So I'm keeping track of node download counts in my solr index (similar to http://drupal.org/node/1149398) for sorting purposes. Obviously for these counts to be relevant, the nodes will need to be reindexed on a regular basis. My question is how to do this, and what the best implementation would be.

I run cron every ten minutes, and I can index 50 nodes per cron run. To keep things simple, I'm thinking to just loop through all nodes and push eg 30 for reindexing every cron run (on top of whatever nodes have already been queued because they've been created or updated). Not an ideal solution, because with thousands of nodes, it could take a couple of days to loop through and reindex all of them, so download spikes wouldn't be reflected very well in search results.
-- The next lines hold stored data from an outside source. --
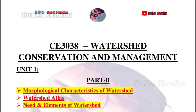First one is CE3038 Water and Watershed Conservation and Management. You can see Part A and Part B. You can see the first preference topics. In the purple color, you can see the topics that are very important.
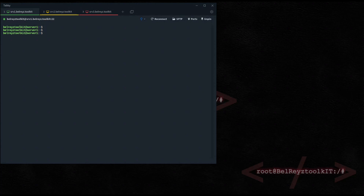Hi guys, welcome back to my channel. In this tutorial I will show you how you can install Docker on Ubuntu Server manually from a package. If you like this kind of video please consider subscribing to my channel. Let's begin.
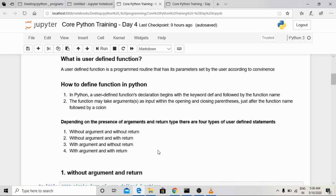Depending on the presence of arguments and whether we are returning a value, there are four types of user-defined functions. The first type is without argument and without return — this is the most basic type and has very limited real-life use cases. The second type is without argument but with return — here the parentheses are empty but the function returns some value.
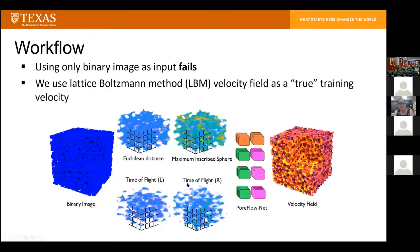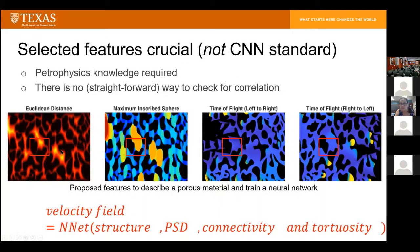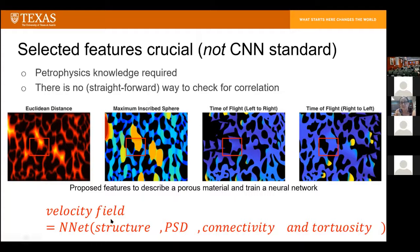Basically, we want to go from binary image to velocity field. You can't just give it a binary image and be successful — that training never converges. What we had to select is a number of features that were instrumental in adding important information for this network to learn and predict an actual velocity field. These include Euclidean distance — distances from the grains within the structure — tortuosity, time of flight from one side to the other across the image, as well as maximum inscribed spheres within the image. The velocity field can be viewed as this neural network function, a complicated function that goes through the neural network representing the pore size distribution, its connectivity, and its tortuosity.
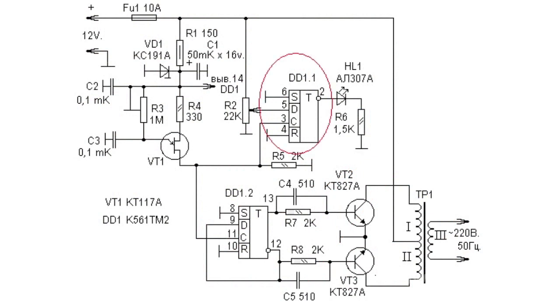DD1.1 flip-flop has D input connected to the positive power output through R2, while C input is connected to the master oscillator output. The flip-flop is designed to monitor battery status and reports its discharge to the level set by R2 resistor.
Another option would be to have a table keep track of which nodes have had the most downloads (or highest percentage change) since the last reindexing, and push 30 nodes from the top of the list every cron run. This method would provide more relevant results, but call for some additional overhead.

A third option would be to just update the solr download_count for a given node every time a node is downloaded, but I'm not sure if it's possible or efficient to just update a single field entry in the solr index (and these would be coming at a rate of potentially hundreds per minute)...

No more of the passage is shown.